Sono quindi profonde le radici che hanno condotto a questa tripartizione gerarchica della nostra istruzione superiore: prima il liceo e poi, a scendere, l’istruzione tecnica e infine l’istruzione professionale. Ed è lungo questi tre filoni che poi si distribuiscono le iscrizioni dopo la scuola media, “confortate” anche – con tanto di virgolette – dai giudizi di orientamento degli insegnanti. E nulla conta il fatto che l’obbligo di istruzione oggi è di dieci anni e che gli studi primari essenziali devono concludersi con la certificazione delle competenze di cittadinanza e delle competenze culturali di base acquisite al termine di un primo biennio superiore ove vige – o dovrebbe – “l’equivalenza formativa di tutti i percorsi” di studio (dm 139/07, art. 2).

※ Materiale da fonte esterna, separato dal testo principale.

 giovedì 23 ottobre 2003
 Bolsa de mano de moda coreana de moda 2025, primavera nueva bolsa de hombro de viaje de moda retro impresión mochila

La situazione è grave. Se neanche nell’ultimo biennio obbligatorio riusciamo a garantire l’unitarietà degli studi essenziali, è estremamente difficile che tale unitarietà la si possa attivare nei tre trienni successivi. Ne viene a soffrire quella stessa unitarietà dei saperi proprio in una società “della conoscenza” che si fa sempre più complessa e che non fa sconti tra l’oggetto “classico” e quello “scientifico”. Occorrerebbe garantire, invece, che percorsi umanistici, tecnici e professionalizzanti fossero tutti di pari dignità e non percorsi in cui dirottare cervelli da una parte e manovalanza dall’altra. Le esigenze di una società avanzata sono ben altre e non ammettono gerarchie in verticale, ma solo in orizzontale. Pertanto, lo stesso riordino dei nostri studi secondari superiori non dovrebbe avvenire in verticale, come si preannuncia, cioè con il taglio netto del quinto anno; ma in orizzontale, cioè nel riuscire a dare pari dignità a tutti i percorsi. Non è un’operazione facile, ma è l’unica che nel tempo riuscirebbe a riallineare quelle classi sociali che da sempre sono ben separate tra loro. Si tratterebbe di un’operazione culturale e civile nel contempo! Anche perché non è vero che gli studi classici non sono altrettanto “scientifici”: basti pensare al rigore che occorre per la scrittura di un testo originale e/o per l’interpretazione di un testo! E la linguistica non è forse una scienza? E lo stesso dicasi per la filologia. E quanto ha faticato Dewey a mettere ordine in biblioteche sempre più piene di libri sempre meno rintracciabili!?
E, se non si provvede in tempo, correremo il grosso rischio di perdere pezzi e battute anche nella nostra tradizionale cultura umanistica. L’incuria per il nostro patrimonio artistico è un segnale preoccupante: Si intervenga presto su questi problemi, ma sempre con una prospettiva lungimirante. La vista corta non solo non ci porterà lontano, ma creerà solo ulteriori difficoltà. Non vorrei che la fretta “renziana” – ovviamente apprezzabile in un Paese da decenni vittima di un’insana immobilità – producesse però tanti gattini ciechi!